What is a Nurse Practitioner?
A Nurse Practitioner (NP) is an advanced practice nurse (APN) that is licensed in the classification of Nurse Practitioner by the College of Registered Nurses of British Columbia (CRNBC). Nurse Practitioners provide comprehensive clinical care including the diagnosis and management of disease/illness, prescribing medications, ordering/interpreting laboratory/diagnostic tests, and initiating referrals to specialists. NP practice does not require physician supervision.
NP’s provide care in both primary and acute care settings including rural, remote and urban centers.
What do Nurse Practitioners mean for people in British Columbia?
The NP role was established in British Columbia in 2005, however it has been present for over 50 years in other North American jurisdictions and the United Kingdom. There has been extensive research regarding the contributions of NPs to patient care in a variety of practice settings. Studies from multiple jurisdictions have consistently shown that patients are very satisfied with NP services. A 2003 Ontario study showed that 87% of patients surveyed were very satisfied with the care or advice they received from NPs.

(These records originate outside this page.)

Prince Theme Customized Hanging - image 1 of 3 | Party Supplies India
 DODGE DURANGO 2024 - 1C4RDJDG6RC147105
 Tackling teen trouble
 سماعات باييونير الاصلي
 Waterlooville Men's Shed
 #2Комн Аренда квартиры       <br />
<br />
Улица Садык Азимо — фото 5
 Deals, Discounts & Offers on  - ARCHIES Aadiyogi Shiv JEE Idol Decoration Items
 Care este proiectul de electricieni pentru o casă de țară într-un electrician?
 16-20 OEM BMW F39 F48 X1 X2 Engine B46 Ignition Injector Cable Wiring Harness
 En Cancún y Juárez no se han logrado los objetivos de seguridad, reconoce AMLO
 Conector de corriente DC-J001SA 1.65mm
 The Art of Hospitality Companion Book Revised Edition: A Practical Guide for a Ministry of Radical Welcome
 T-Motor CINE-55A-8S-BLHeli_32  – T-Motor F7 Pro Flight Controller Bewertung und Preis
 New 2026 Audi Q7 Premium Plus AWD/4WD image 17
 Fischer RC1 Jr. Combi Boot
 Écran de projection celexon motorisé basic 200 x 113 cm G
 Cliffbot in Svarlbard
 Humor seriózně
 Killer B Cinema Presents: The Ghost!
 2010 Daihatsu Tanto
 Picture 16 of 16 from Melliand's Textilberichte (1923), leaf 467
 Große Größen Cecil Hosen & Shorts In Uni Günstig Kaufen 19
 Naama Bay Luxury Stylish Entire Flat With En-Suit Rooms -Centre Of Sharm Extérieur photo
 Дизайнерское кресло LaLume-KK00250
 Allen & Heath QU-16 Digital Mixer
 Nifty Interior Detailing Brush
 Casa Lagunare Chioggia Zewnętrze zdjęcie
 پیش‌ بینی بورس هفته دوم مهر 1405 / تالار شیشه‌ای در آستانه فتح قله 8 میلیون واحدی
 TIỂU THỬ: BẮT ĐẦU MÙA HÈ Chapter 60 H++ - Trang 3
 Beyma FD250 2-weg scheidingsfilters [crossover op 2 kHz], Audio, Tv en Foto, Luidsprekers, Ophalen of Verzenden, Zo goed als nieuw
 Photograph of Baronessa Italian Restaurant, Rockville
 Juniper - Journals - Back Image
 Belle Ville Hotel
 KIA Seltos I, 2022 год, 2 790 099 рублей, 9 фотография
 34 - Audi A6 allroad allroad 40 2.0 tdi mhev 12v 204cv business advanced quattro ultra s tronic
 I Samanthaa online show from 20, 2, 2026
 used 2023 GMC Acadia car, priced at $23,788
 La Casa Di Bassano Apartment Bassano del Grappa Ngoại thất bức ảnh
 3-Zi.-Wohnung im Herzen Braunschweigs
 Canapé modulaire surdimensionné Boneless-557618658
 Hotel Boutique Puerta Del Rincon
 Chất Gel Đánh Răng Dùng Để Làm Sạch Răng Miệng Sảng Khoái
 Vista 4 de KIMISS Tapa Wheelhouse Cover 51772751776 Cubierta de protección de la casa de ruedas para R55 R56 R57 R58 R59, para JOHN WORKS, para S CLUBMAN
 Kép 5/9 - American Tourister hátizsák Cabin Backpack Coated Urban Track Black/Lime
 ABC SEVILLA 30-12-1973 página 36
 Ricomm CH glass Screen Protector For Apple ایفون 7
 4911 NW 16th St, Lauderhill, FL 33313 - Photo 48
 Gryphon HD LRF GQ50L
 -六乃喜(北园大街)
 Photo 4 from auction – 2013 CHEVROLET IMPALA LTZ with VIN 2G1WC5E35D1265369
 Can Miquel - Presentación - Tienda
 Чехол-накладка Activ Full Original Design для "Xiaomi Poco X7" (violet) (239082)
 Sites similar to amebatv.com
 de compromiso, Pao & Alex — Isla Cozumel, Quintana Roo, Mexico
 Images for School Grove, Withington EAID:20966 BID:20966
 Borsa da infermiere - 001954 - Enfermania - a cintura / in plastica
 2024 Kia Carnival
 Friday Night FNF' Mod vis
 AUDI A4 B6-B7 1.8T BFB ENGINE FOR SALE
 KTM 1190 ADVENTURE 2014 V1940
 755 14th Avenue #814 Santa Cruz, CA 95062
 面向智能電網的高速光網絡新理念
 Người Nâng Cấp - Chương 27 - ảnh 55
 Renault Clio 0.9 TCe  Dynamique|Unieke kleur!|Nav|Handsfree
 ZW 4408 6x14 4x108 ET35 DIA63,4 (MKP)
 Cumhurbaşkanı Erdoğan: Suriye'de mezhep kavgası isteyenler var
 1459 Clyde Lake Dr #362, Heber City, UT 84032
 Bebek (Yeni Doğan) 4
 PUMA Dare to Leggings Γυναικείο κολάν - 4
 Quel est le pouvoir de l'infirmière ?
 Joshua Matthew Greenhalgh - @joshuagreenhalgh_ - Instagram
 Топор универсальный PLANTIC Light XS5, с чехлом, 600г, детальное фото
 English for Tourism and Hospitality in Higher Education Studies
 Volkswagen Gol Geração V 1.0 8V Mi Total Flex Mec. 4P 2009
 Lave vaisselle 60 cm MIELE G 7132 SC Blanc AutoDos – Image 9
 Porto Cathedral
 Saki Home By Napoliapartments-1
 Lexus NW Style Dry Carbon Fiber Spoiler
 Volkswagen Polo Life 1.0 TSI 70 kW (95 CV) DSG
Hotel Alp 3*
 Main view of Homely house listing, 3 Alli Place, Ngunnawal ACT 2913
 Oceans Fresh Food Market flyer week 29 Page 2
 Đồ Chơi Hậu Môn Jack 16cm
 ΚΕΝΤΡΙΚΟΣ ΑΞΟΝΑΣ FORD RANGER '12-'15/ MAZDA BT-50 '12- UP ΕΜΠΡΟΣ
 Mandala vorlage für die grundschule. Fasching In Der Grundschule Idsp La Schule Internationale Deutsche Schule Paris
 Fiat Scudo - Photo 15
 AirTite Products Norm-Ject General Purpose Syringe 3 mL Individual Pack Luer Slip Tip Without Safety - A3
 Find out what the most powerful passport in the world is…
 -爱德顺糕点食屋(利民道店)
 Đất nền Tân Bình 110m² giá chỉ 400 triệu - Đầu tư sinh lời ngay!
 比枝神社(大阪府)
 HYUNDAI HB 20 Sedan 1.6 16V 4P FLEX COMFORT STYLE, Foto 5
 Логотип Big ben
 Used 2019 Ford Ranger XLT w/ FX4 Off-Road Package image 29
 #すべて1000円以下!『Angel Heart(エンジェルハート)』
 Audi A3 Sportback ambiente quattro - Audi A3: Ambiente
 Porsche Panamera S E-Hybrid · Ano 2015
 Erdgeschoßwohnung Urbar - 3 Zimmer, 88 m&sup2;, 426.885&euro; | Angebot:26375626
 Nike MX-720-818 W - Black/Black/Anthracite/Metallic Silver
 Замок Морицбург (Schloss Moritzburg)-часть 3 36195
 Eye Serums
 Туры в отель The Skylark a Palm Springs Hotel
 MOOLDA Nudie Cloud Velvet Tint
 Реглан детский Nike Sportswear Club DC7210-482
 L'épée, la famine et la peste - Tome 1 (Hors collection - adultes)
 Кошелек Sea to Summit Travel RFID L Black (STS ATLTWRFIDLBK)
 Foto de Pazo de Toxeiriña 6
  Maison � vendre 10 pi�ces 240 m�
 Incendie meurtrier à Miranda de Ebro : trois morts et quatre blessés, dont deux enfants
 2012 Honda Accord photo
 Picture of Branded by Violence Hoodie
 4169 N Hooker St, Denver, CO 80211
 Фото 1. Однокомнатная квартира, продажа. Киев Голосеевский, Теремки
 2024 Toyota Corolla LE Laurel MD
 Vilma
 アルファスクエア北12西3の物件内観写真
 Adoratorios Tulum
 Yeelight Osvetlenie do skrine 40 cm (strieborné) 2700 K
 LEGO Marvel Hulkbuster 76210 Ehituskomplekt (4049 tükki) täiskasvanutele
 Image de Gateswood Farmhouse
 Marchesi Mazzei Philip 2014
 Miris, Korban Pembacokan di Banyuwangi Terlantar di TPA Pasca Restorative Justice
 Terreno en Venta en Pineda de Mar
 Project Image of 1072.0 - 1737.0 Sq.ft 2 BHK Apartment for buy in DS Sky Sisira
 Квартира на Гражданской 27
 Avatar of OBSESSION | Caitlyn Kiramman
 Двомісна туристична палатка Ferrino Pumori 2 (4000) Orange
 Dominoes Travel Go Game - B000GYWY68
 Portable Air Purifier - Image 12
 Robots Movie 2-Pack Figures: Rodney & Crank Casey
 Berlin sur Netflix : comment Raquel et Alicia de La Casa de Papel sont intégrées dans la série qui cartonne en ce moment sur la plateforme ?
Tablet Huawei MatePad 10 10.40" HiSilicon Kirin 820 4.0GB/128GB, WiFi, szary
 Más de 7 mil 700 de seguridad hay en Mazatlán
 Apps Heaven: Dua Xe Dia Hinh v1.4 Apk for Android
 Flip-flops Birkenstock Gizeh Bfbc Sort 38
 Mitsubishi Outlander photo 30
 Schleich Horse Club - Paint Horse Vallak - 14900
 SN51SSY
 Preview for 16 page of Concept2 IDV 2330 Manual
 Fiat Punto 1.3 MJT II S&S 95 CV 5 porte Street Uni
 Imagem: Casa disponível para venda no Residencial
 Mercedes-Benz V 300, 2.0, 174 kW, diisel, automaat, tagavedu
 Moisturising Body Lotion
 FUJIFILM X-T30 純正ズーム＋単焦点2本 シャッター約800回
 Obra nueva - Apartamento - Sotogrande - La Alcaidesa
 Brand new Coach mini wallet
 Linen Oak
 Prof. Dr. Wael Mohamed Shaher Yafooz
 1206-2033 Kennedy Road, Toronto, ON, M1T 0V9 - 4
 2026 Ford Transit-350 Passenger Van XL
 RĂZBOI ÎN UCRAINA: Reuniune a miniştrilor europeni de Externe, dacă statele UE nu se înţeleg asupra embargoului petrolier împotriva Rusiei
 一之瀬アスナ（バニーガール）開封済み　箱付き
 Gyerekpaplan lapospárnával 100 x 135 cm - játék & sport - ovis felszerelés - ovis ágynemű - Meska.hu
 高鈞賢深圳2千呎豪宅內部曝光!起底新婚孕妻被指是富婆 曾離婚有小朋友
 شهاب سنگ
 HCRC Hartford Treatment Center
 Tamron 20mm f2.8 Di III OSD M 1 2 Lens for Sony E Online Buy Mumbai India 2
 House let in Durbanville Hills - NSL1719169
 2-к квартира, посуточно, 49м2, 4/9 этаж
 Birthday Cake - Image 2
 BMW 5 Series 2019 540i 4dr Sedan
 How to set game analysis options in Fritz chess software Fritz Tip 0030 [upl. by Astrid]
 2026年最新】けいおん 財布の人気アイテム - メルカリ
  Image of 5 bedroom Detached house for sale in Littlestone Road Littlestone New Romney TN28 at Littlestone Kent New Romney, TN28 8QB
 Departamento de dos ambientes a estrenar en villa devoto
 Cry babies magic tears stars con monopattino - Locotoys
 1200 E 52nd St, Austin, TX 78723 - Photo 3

Studies also show that patient outcomes are either the same, or improved, when NPs participate in patient care. Some examples of the positive effects associated with NP involvement include shorter length of hospital stay, improved compliance with clinical practice guidelines, better coordination of patient care, lower rates of clinical complications, lower mortality rates and improved interprofessional team collaboration .
Because of their positive contributions and the ability of NPs to improve access to health services, British Columbia introduction of NPs has increased access to care with further room to grow. We look forward to caring for you!